Hi, I have seen that in the new tower v0.5 they finally added the Backoff/ExponentialBackoff policy which can be used with the retry layer.

It will be great if this library will be able to integrate this.

Thanks

geofmureithi · 2024-08-25T05:51:00Z

Technically we have first class support for anything from tower.
That said, we need a robust solution that integrates well with different backends as the current approach handles retries in memory.

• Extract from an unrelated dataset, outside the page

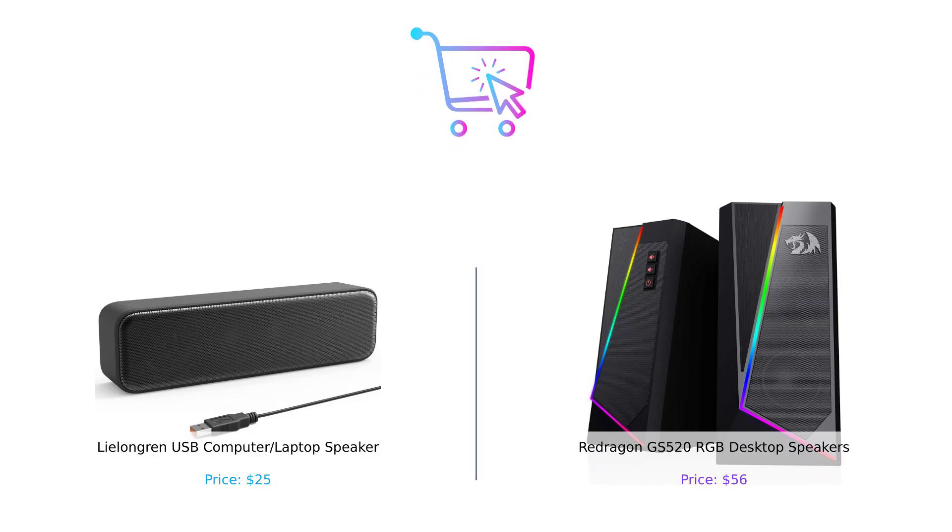So there you have it. If you're looking for a budget-friendly speaker to just get the job done, the Lelangren is your go-to. But if you want something that not only sounds great but also looks like it's ready to throw a rave, the Redragon GS 520 is the one for you. Remember, whatever you choose, make sure it fits your needs and your wallet. Don't forget to like, subscribe, and hit that notification bell so you never miss a chance to buy smart. Until next time, keep those speakers loud and your regrets low. Product links are in the description.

reneklacan · 2024-12-05T15:51:27Z

In case somebody is looking for a working solution for apalis v0.5 that they can just copy-paste and easily modify:

use anyhow::Result;
use apalis::prelude::*;
use std::time::Duration;
use tokio::time::{sleep, Sleep};
use tower::retry::Policy;

type Req<T> = Request<T>;
type Err = Error;

#[derive(Clone, Debug)]
pub struct BackoffRetryPolicy {
    pub retries: usize,
    pub initial_backoff: Duration,
    pub multiplier: f64,
    pub max_backoff: Duration,
}

impl Default for BackoffRetryPolicy {
    fn default() -> Self {
        Self {
            retries: 25,
            initial_backoff: Duration::from_millis(1000),
            multiplier: 1.5,
            max_backoff: Duration::from_secs(60),
        }
    }
}

impl BackoffRetryPolicy {
    fn backoff_duration(&self, attempt: usize) -> Duration {
        let backoff = self.initial_backoff.as_millis() as f64 * self.multiplier.powi(attempt as i32);
        Duration::from_millis(backoff.min(self.max_backoff.as_millis() as f64) as u64)
    }
}

impl<T, Res> Policy<Req<T>, Res, Err> for BackoffRetryPolicy
where
    T: Clone,
{
    type Future = Sleep;

    fn retry(&mut self, req: &mut Req<T>, result: &mut Result<Res, Err>) -> Option<Self::Future> {
        let ctx = req.get::<Attempt>().cloned().unwrap_or_default();

        match result {
            Ok(_) => None,
            Err(_) if (self.retries - ctx.current() > 0) => {
                let backoff_duration = self.backoff_duration(ctx.current());
                Some(sleep(backoff_duration))
            }
            Err(_) => None,
        }
    }

    fn clone_request(&mut self, req: &Req<T>) -> Option<Req<T>> {
        let mut req = req.clone();
        let value = req
            .get::<Attempt>()
            .cloned()
            .map(|attempt| {
                attempt.increment();
                attempt
            })
            .unwrap_or_default();
        req.insert(value);
        Some(req)
    }
}

and then:

// ...

.layer(RetryLayer::new(BackoffRetryPolicy::default())

// or 

.layer(RetryLayer::new(BackoffRetryPolicy {
    retries: 10,
    initial_backoff: std::time::Duration::from_millis(1000),
    multiplier: 4.0,
    max_backoff: std::time::Duration::from_secs(60),
}))

geofmureithi · 2024-12-06T17:10:46Z

@reneklacan The example provided is outdated, it would only work for v0.5.
The other problem that needs to be resolved is the fact that this happens in memory, meaning that it cannot be gracefully shutdown and it does not update the backend.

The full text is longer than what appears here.